The appropriate choice of a threshold level, which separates the tails of the probability distribution of a random variable from its middle part, is considered to be a very complex and challenging task. This paper provides an empirical study on various methods of the optimal tail selection in risk measurement. The results indicate which method may be useful in practice for investors and financial and regulatory institutions. Some methods that perform well in simulation studies, based on theoretical distributions, may not perform well when real data are in use. We analyze twelve methods with different parameters for forty-eight world indices using returns from the period of 2000–Q1 2020 and four sub-periods. The research objective is to compare the methods and to identify those which can be recognized as useful in risk measurement.

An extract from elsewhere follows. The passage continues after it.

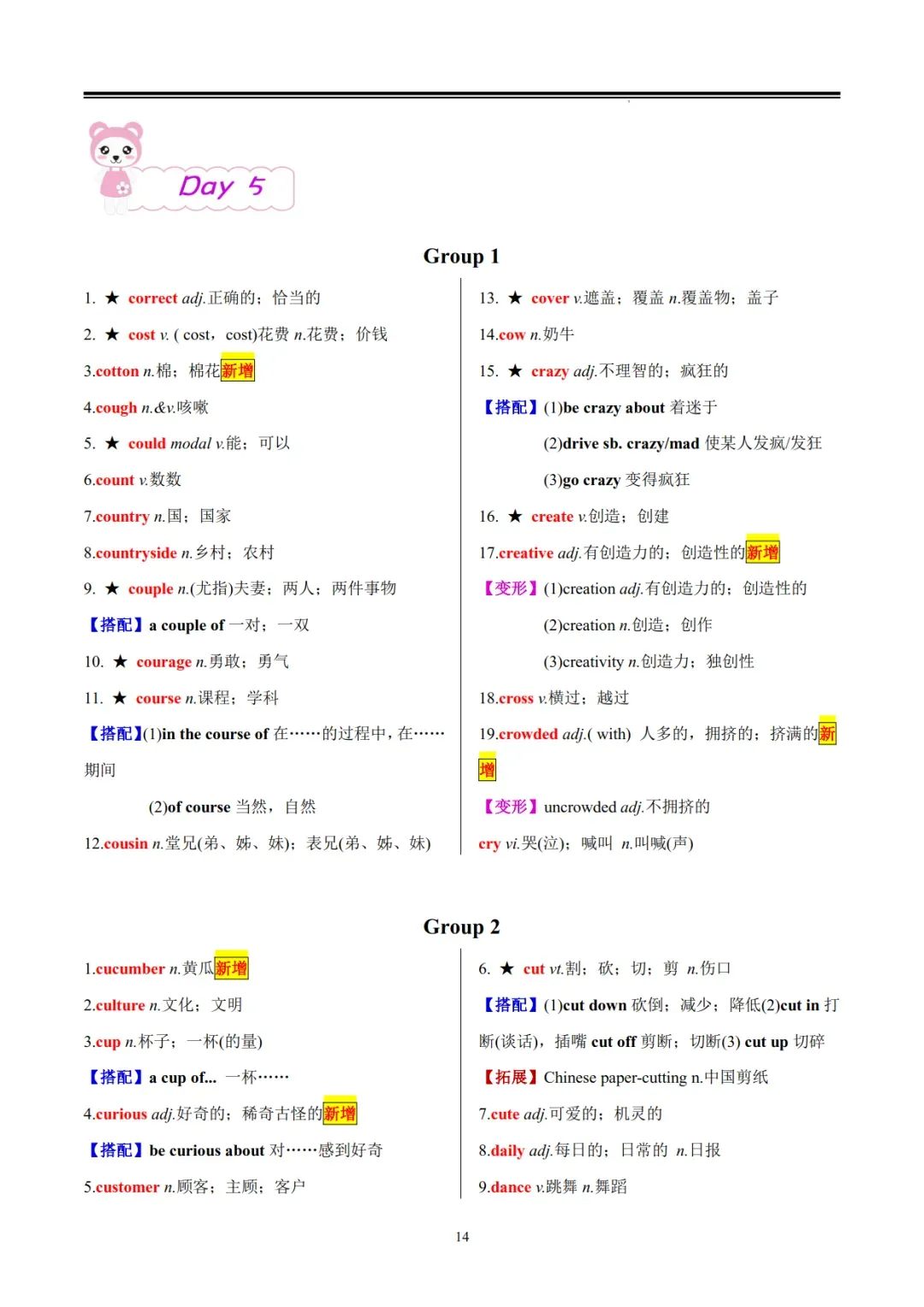 中考英语必须掌握的1600个高频词汇-第14张图片-四季读书网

The results suggest that only four tail selection methods, i.e., the Path Stability algorithm, the minimization of the Asymptotic Mean Squared Error approach, the automated Eyeball method with carefully selected tuning parameters and the Hall single bootstrap procedure may be useful in practical applications.

Suggested Citation

  • Małgorzata Just & Krzysztof Echaust, 2021. "An Optimal Tail Selection in Risk Measurement," Risks, MDPI, vol. 9(4), pages 1-16, April.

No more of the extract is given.